TASK INSTRUCTIONS: All of the data should be given again word for word, though the images are to be left out.

RECORD EXTRACTS:
┏━━

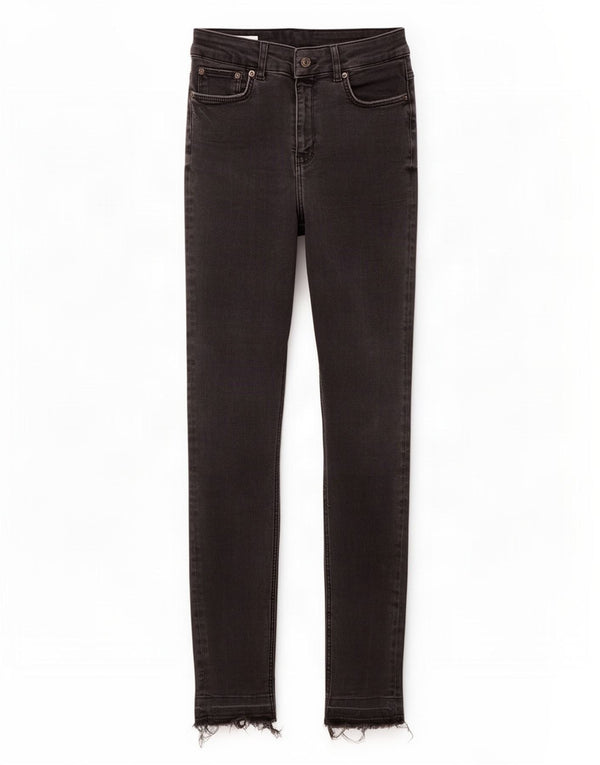 Zara Jeans skinny feminino de cintura alta UE 38 pequeno W28 L27 algodão preto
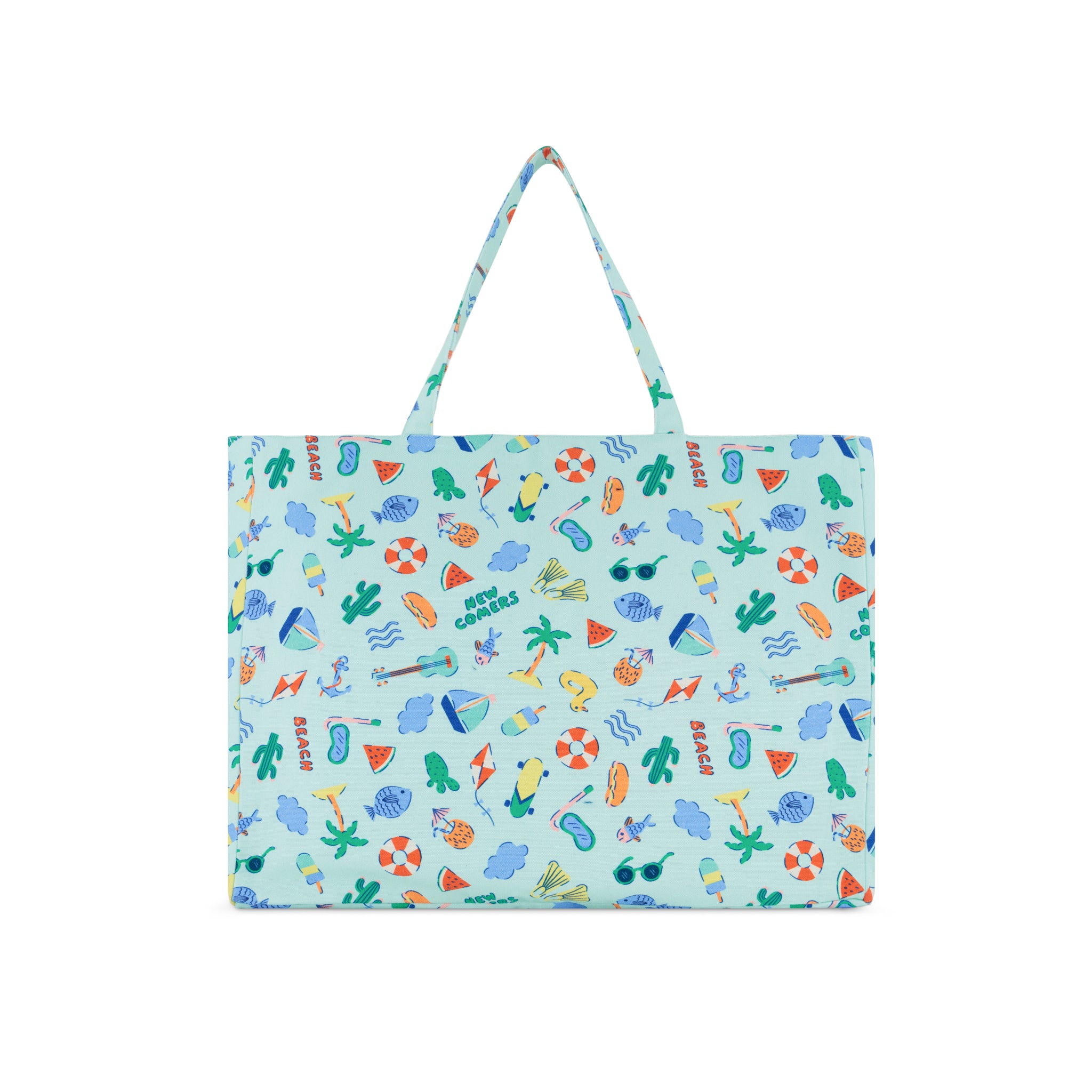 Beach Print Green Everyday Tote Bag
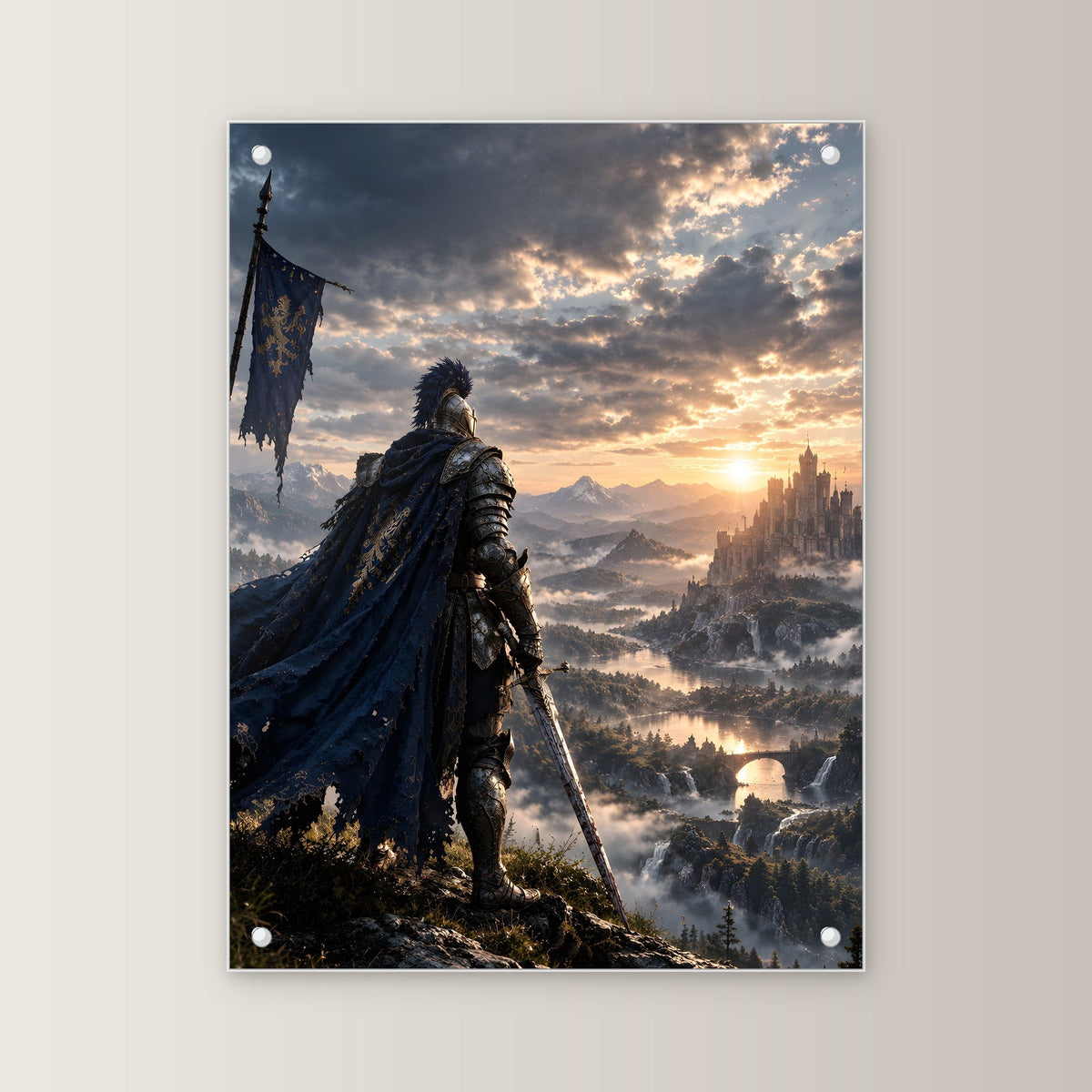 Über dem goldenen Tal – Ritter mit Banner blickt über ein Tal im Sonnenuntergang, auf Acrylglas mit Abstandshaltern, von vorn an heller Wand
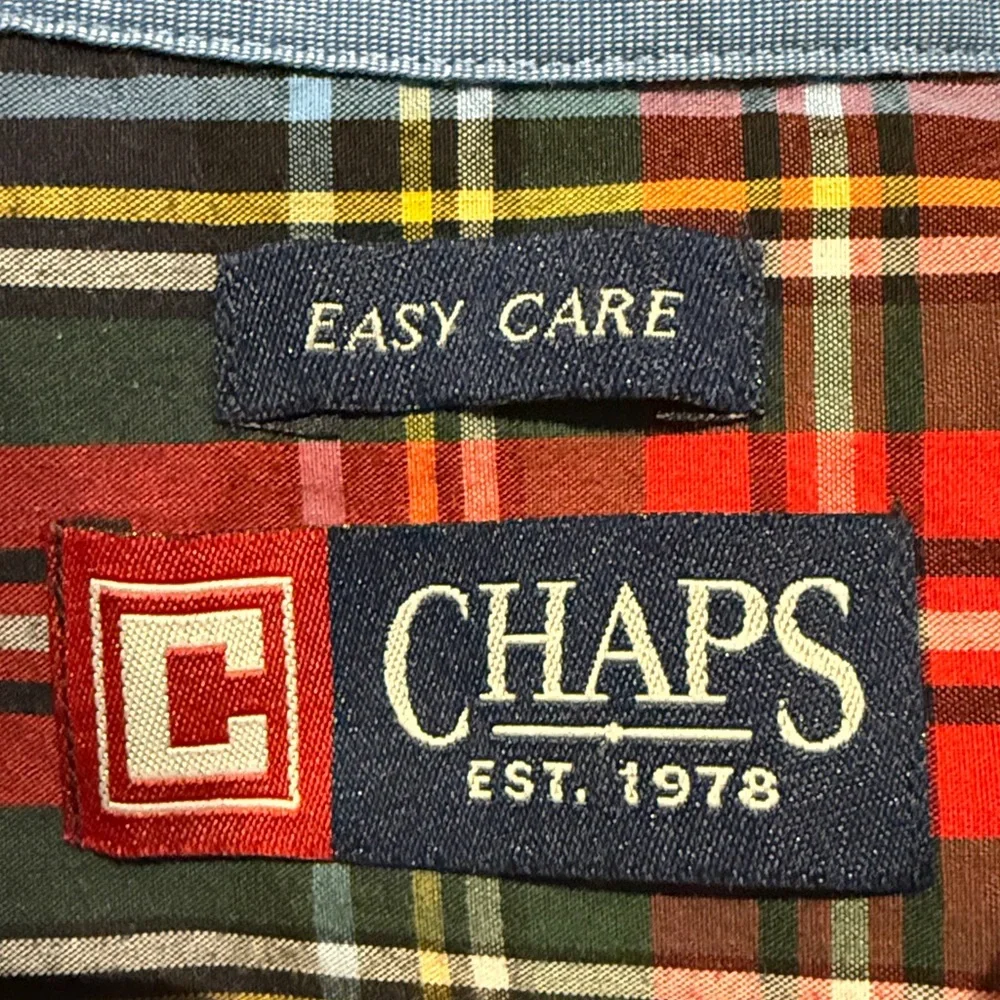 CHAPS Easy Care Plaid Long Sleeved Button Down Shirt XL Great Colors - Picture 6 of 10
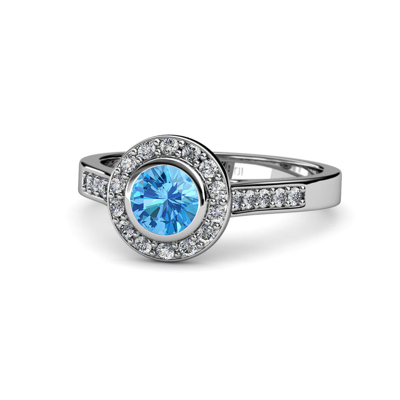Pre-owned Trijewels Blue Topaz And Diamond Halo Engagement Ring 1.41 Ctw In 14k Gold Jp:54019 In G - H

┗━━

RESPONSE TO THIS EXERCISE:
 Zara Jeans skinny feminino de cintura alta UE 38 pequeno W28 L27 algodão preto
 Beach Print Green Everyday Tote Bag
 Über dem goldenen Tal – Ritter mit Banner blickt über ein Tal im Sonnenuntergang, auf Acrylglas mit Abstandshaltern, von vorn an heller Wand
 CHAPS Easy Care Plaid Long Sleeved Button Down Shirt XL Great Colors - Picture 6 of 10
Pre-owned Trijewels Blue Topaz And Diamond Halo Engagement Ring 1.41 Ctw In 14k Gold Jp:54019 In G - H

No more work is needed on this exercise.